WTO-onderhandelingen

Proces

Eind juli 2006 werden de onderhandelingen opgeschort omdat deze in een impasse waren geraakt. Na de verkiezingen voor het Amerikaanse congres in november 2006 werd de draad, eerst voorzichtig, weer opgepakt. Nu zijn de onderhandelingen weer geïntensiveerd, waarbij twee sporen worden gevolgd. Er is het multilaterale proces te Genève onder leiding van de voorzitters van de verschillende onderhandelingsgroepen. Tegelijk wordt in kleiner verband door een aantal grote partijen gezocht naar compromissen die kunnen bijdragen tot multilaterale overeenstemming. Aan dit overleg in kleiner verband nemen deel India, Brazilië, de VS en de EU, kortweg de G4.

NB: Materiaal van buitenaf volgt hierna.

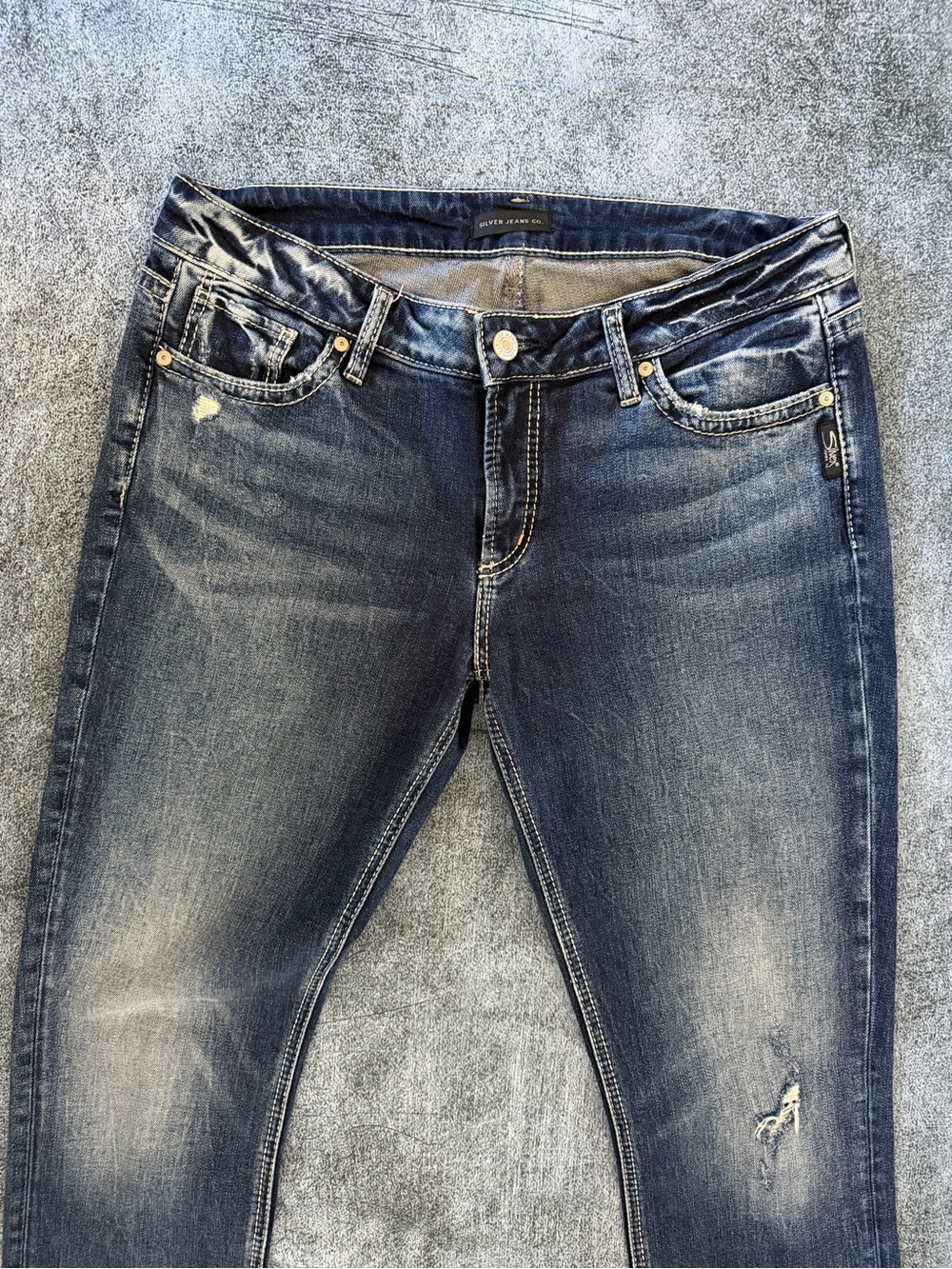 Silver Jeans Co. Elyse Straight. Blue Jeans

Eind juni (19–23) zal in G4 verband worden getracht tot overeenstemming op hoofdlijnen te komen t.a.v. de landbouwonderwerpen (binnenlandse steun, markttoegang en exportsteun) en industrietarieven. Deze zal dan moeten worden ingebracht in het parallel verlopende multilaterale onderhandelingsproces te Genève om ook voor de andere 120 WTO-landen de basis te vormen voor verdere onderhandelingen. Op 25 juni zal de RAZEB bijeenkomen om met Commissaris Mandelson te spreken over de uitkomsten van deze G4 bijeenkomsten.

In het multilaterale – Geneefse – proces vinden thans intensieve consultaties plaats op het gebied van landbouw op basis van zogeheten «challenges papers» van de hand van voorzitter van de landbouwonderhandelingen, Falconer. Hierin geeft hij voor de verschillende onderdelen van het landbouwakkoord aan binnen welke bandbreedten hij verwacht dat de compromissen uit zouden moeten komen en op welke punten hij derhalve verdere beweging van de partijen verwacht. Het stuk legt overigens relatief veel druk op de EU, zonder dat een vergelijkbare druk op de andere onderhandelingspartners wordt gelegd.

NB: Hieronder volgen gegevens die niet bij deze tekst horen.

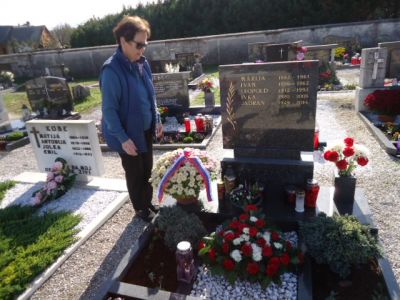 Polaganje cvetja ob 1. novembru v OE Postojna-Pivka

Wat het proces betreft verdient een aantal punten onderstreping:

• Onderhandelingen in klein verband kunnen nuttig zijn. Zonder overeenstemming tussen de EU, de VS, Brazilië en India (G4) zullen de onderhandelingen immers niet slagen;

• Dit is echter niet toereikend. De andere 120 WTO-partners moeten evenzeer mee willen gaan. Het kan niet zo zijn dat zij voor een voldongen feit worden geplaatst. De conferenties te Seattle (1999) en te Cancún (2003) mislukten immers vooral omdat een grote groep voornamelijk kleinere ontwikkelingslanden onvoldoende bij de onderhandelingen betrokken was geweest;

• Transparantie en een goede afstemming tussen overleg in kleiner verband en dat met alle WTO-partners is een noodzaak. Daarom moet het multilaterale proces in Genève worden aangemoedigd. Ook zal spoedig moeten worden onderhandeld over concrete teksten en cijfers.

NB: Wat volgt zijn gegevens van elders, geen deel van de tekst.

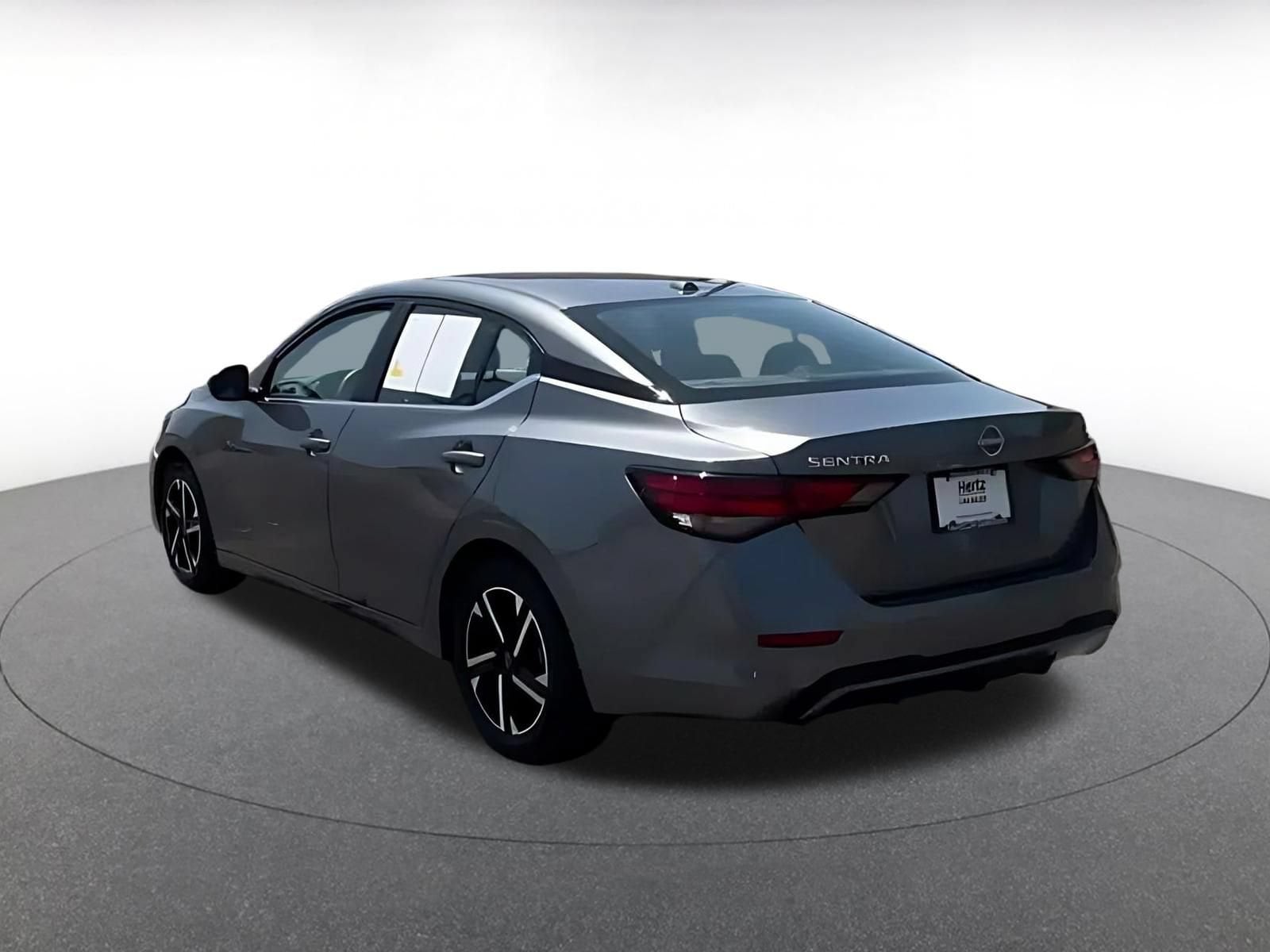 Thumbnail: 2025 Nissan Sentra - 10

• De Amerikaanse positie is nog in ontwikkeling. Er is weliswaar een akkoord tussen de (Republikeinse) Administratie en het (in meerderheid Democratische) Congres over wat nodig is om enkele bilaterale handelsakkoorden aan een meerderheid te helpen. Maar over verlenging van de eind deze maand verlopende onderhandelingsbevoegdheid voor de WTO-ronde (Trade Promotion Authority) is nog niets afgesproken;

• Protectionistische tendensen blijven zorgwekkend. Ministers concludeerden tijdens de jaarvergadering van IMF/WB in april jongstleden dat «the risk to the global economy from a possible rise in protectionism and the substantial foregone growth should the Doha Round fail make trade policy a key medium-term concern».

Inhoudelijk

Het zwaartepunt in de WTO-ronde is gaandeweg steeds meer komen te liggen bij traditionele markttoegangonderwerpen. Industrietarieven en vooral de landbouwonderwerpen – markttoegang, binnenlandse steun en exportsteun – hebben de laatste jaren centraal gestaan. De impasse in juli 2006 ontstond toen de VS verklaarde onvoldoende marktopening voor zijn landbouwproducten te zien om beperking van zijn handelsverstorende binnenlandse landbouwsteun te rechtvaardigen. De onderhandelingen over vrijmaking van het dienstenverkeer en over WTO-regels – dumping, subsidies, handelsfacilitatie – wachten op vooruitgang bij de landbouw en industrietarieven.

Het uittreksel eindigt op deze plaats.